*** Information Section Begins ***
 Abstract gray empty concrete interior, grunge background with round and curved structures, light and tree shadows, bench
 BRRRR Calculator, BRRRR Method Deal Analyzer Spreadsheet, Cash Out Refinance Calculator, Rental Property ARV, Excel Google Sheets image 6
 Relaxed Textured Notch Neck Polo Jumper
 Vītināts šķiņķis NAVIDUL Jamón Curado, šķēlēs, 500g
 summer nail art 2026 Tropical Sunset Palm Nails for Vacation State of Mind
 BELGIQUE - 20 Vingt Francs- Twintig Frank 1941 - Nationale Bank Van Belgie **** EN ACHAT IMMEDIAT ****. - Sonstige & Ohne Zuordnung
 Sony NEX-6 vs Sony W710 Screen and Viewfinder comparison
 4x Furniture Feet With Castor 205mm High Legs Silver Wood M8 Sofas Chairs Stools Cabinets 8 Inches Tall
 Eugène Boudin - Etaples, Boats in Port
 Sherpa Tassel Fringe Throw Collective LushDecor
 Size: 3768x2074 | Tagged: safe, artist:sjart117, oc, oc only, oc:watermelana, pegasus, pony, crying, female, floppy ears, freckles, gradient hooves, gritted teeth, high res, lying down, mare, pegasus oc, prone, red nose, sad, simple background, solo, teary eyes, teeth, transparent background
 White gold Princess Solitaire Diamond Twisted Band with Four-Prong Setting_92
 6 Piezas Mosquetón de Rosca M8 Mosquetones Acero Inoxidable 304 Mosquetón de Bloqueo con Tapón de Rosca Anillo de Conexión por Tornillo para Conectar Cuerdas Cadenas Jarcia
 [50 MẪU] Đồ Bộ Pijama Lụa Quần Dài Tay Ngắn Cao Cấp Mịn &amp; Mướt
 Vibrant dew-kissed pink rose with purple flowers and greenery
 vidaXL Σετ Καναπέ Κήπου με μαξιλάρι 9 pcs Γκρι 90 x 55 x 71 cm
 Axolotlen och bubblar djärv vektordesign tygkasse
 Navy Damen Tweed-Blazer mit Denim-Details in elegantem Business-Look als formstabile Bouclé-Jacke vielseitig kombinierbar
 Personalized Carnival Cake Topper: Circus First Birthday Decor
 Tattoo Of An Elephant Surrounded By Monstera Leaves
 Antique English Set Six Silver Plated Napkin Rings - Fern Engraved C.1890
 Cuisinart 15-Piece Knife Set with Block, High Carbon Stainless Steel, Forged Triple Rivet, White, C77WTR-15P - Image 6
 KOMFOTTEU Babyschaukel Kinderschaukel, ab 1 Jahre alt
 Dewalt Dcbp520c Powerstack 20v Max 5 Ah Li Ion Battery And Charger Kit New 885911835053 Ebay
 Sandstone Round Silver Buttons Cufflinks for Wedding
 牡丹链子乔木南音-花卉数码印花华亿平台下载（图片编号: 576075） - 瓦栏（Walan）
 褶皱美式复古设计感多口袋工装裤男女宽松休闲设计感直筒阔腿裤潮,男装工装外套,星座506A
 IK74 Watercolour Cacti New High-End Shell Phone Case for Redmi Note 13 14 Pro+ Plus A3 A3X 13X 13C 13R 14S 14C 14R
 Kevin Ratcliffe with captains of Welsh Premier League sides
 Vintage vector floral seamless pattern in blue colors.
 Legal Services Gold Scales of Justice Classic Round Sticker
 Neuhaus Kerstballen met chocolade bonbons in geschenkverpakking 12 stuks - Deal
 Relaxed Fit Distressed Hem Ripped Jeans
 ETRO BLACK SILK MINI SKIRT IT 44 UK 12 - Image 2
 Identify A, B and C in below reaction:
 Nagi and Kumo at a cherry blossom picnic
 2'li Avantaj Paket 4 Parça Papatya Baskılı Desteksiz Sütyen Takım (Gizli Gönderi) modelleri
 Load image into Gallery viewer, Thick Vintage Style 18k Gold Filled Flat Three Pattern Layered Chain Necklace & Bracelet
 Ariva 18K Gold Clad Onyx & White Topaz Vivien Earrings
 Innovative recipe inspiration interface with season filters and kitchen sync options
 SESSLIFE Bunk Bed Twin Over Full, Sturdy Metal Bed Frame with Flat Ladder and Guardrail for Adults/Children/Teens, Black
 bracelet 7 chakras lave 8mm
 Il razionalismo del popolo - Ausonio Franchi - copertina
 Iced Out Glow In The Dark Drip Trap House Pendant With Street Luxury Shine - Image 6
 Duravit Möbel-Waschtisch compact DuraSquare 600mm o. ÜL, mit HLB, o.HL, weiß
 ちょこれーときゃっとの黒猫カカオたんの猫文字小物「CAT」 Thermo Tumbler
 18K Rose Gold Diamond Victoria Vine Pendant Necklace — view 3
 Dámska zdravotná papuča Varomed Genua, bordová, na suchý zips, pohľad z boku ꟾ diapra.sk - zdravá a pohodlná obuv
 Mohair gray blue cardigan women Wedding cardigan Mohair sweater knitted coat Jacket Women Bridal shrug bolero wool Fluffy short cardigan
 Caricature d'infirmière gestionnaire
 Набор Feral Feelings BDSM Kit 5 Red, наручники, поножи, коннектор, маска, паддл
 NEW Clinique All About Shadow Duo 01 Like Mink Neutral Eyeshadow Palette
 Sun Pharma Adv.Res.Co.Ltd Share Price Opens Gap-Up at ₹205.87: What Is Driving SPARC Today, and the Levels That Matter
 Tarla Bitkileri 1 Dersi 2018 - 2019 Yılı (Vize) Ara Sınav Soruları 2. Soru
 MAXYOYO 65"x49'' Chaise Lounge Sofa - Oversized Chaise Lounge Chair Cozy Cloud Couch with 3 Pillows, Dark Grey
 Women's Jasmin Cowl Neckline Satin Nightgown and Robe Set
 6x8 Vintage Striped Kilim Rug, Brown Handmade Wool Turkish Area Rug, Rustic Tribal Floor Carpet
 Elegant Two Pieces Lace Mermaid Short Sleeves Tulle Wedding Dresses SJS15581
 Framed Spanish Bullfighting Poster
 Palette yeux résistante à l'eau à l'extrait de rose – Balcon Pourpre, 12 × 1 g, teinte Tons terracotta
*** Information Section Ends ***
### Work order
Please return all lines from the records that hold the word "Deal".

### Completed exercise
 BRRRR Calculator, BRRRR Method Deal Analyzer Spreadsheet, Cash Out Refinance Calculator, Rental Property ARV, Excel Google Sheets image 6
 Neuhaus Kerstballen met chocolade bonbons in geschenkverpakking 12 stuks - Deal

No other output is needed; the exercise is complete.